Un escalofrío recorrió el cuerpo de Lillian. —¿Te sientes inseguro? Creía que ya te había tranquilizado lo suficiente.
«No, no lo has hecho». La voz de Samuel se volvió más grave. «Quiero más de ti. Quiero saber cómo habría sido ese sueño que creó Erik si fuera real. Quiero ver tu expresión cuando suceda».
Un aliento cálido le rozó la oreja mientras él continuaba: «Lo haré mejor de lo que él jamás podría. Dame algo lo suficientemente dulce como para que me dure mientras no estés a mi lado».
Poco a poco, la tensión del cuerpo de Lillian se fue disipando mientras se inclinaba hacia él. «Está bien… Entonces, ocúpate de mí».
Estaba destinado a ser su compañero de por vida, y alejarlo ahora le parecería demasiado cruel.
Más aún, confiaba en él. De entre todos, él era en quien más confiaba.
Por fin, Samuel oyó lo que había estado esperando. Su mano se movió sin vacilar, deslizándose bajo su camiseta y rodeando su pecho.
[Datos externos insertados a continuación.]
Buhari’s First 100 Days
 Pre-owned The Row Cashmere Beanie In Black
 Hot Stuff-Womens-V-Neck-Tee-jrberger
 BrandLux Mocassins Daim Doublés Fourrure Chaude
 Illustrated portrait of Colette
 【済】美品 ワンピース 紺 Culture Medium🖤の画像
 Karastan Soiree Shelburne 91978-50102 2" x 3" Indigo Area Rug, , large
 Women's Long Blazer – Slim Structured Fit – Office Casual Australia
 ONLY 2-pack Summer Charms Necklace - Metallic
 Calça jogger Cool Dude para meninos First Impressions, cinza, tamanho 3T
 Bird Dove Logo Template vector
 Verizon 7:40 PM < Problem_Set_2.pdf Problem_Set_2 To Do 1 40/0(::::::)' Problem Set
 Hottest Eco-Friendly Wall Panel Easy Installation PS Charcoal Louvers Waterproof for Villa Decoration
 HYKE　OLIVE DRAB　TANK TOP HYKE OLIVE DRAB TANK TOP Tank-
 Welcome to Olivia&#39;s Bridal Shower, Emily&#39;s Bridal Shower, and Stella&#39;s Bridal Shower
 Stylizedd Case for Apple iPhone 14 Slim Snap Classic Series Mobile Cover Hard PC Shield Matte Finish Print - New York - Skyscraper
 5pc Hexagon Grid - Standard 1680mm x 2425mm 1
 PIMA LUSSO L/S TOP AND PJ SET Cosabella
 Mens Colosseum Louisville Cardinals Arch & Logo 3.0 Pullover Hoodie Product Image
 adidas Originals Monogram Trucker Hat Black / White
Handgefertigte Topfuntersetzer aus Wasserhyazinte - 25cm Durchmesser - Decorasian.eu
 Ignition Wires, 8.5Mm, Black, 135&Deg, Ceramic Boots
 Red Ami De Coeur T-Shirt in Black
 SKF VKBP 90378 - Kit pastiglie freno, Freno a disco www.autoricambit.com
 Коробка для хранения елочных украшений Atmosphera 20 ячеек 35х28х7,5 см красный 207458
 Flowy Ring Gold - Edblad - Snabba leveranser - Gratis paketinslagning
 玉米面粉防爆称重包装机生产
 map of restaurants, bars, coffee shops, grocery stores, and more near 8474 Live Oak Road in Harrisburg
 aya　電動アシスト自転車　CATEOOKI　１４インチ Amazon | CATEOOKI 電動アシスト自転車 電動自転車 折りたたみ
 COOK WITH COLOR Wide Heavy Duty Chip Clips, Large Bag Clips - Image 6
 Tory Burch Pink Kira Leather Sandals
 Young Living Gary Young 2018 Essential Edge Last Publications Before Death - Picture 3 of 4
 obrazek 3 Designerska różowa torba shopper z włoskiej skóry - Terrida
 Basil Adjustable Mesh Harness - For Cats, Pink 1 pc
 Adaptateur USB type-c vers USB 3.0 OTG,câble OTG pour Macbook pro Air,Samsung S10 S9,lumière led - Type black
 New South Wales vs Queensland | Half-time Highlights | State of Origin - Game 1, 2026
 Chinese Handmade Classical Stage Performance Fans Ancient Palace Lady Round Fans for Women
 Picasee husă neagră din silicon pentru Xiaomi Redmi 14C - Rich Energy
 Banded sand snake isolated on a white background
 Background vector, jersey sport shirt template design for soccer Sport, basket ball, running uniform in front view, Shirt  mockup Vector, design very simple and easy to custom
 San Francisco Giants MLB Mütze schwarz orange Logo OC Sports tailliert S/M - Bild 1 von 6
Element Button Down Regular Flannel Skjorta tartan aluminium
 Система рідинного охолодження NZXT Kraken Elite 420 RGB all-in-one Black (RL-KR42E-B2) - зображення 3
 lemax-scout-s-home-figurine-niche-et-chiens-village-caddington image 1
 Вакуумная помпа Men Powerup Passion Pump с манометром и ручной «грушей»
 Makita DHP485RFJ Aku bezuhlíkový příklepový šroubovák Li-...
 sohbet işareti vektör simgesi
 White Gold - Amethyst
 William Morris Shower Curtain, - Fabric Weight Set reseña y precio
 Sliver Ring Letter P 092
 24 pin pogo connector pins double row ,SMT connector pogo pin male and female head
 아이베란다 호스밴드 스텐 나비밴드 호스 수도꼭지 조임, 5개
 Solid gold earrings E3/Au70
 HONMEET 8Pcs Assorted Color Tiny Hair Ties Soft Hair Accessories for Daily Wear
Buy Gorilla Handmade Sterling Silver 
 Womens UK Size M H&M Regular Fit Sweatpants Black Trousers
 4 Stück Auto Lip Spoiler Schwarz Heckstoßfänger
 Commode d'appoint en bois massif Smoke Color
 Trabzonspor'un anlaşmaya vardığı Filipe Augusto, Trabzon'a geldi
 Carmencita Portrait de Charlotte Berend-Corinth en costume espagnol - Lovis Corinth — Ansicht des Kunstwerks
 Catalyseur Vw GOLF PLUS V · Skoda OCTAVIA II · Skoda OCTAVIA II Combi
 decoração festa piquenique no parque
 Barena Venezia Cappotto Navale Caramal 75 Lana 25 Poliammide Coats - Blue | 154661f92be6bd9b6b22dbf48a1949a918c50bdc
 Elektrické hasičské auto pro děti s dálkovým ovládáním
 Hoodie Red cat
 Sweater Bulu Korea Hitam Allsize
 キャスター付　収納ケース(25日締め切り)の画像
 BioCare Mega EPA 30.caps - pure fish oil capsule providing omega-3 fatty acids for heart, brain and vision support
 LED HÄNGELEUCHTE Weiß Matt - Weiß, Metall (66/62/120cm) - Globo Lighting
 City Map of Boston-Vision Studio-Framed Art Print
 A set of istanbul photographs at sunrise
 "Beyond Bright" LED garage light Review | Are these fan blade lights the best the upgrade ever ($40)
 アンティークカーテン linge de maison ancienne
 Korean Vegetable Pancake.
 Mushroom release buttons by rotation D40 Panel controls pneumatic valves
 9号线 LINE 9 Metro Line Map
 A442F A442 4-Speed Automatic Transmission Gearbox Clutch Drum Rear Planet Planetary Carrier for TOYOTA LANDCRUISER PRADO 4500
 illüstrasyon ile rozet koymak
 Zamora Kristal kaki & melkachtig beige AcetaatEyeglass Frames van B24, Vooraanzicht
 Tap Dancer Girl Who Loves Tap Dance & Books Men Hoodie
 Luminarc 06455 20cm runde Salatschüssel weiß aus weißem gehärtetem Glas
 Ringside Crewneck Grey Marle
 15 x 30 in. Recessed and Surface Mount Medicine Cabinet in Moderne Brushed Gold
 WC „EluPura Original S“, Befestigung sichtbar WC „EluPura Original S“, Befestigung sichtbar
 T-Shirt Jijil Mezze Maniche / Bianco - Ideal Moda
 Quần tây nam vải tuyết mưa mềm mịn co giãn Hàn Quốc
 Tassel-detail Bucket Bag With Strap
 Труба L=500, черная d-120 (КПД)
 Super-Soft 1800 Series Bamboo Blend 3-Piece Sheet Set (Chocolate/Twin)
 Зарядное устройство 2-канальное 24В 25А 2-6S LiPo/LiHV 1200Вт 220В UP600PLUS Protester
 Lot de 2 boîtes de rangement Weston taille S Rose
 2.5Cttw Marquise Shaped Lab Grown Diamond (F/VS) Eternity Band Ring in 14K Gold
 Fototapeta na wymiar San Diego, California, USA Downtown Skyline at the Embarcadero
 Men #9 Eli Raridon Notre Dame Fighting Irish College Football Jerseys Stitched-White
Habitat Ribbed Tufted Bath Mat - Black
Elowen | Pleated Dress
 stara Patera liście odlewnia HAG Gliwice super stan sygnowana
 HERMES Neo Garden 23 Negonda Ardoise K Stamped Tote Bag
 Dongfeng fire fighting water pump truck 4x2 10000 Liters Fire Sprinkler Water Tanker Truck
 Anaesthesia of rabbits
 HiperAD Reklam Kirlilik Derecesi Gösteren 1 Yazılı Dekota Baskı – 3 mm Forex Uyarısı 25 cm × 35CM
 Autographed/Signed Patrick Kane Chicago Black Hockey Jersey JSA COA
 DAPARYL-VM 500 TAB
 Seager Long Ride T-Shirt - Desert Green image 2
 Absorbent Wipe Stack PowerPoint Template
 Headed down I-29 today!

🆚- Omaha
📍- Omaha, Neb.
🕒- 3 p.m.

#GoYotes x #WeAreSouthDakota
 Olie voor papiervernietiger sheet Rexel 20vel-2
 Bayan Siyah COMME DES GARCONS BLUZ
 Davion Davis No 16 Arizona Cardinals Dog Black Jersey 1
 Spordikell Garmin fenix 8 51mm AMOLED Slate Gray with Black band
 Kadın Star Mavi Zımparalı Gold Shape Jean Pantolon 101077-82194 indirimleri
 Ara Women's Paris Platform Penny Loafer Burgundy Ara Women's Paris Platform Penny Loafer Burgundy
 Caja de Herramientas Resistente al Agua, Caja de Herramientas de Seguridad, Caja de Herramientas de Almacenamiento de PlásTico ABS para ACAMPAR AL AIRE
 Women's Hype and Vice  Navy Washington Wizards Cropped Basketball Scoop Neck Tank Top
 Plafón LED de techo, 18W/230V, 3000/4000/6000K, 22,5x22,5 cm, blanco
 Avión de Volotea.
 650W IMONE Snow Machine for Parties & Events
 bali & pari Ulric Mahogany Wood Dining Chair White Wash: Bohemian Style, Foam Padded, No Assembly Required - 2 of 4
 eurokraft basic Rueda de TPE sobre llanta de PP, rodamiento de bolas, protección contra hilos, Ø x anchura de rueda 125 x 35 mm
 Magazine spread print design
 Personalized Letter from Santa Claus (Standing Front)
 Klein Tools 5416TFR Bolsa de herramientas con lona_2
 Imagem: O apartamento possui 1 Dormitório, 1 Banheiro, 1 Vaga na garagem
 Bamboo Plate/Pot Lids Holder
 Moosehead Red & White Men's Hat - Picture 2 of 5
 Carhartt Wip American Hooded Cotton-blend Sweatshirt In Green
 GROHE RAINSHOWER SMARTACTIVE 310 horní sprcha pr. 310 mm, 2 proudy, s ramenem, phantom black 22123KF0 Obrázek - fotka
Un grito ahogado se le escapó mientras, instintivamente, le agarraba el brazo.
La sensación irreal de aquel sueño se volvió de repente vívida y real. Su cuerpo tembló en respuesta.
«Relájate».
Samuel tragó saliva con dificultad, tratando de recomponerse, aunque estaba igual de nervioso. Esto también era nuevo para él.
Sus dedos eran largos, su palma áspera por años de penurias. Esa gran mano se posó con naturalidad sobre la suave curva de su pecho.
«Mmm…»
Un leve sonido se escapó de los labios de Lillian.
Samuel la apretó con más fuerza contra él. Su otra mano abandonó su cintura, deslizándose bajo la tela de sus pantalones.
El cuerpo de Lillian se tensó de inmediato.
«No tengas miedo». Los labios de Samuel rozaron su oreja mientras hablaba, con voz baja y temblorosa. «Me he tomado mi tiempo para aprender sobre el cuerpo de una mujer. No te haré daño, Lily».
Instintivamente, Lillian apretó las piernas, pero él se coló entre ellas por detrás. Entonces, su mano llegó a su zona íntima.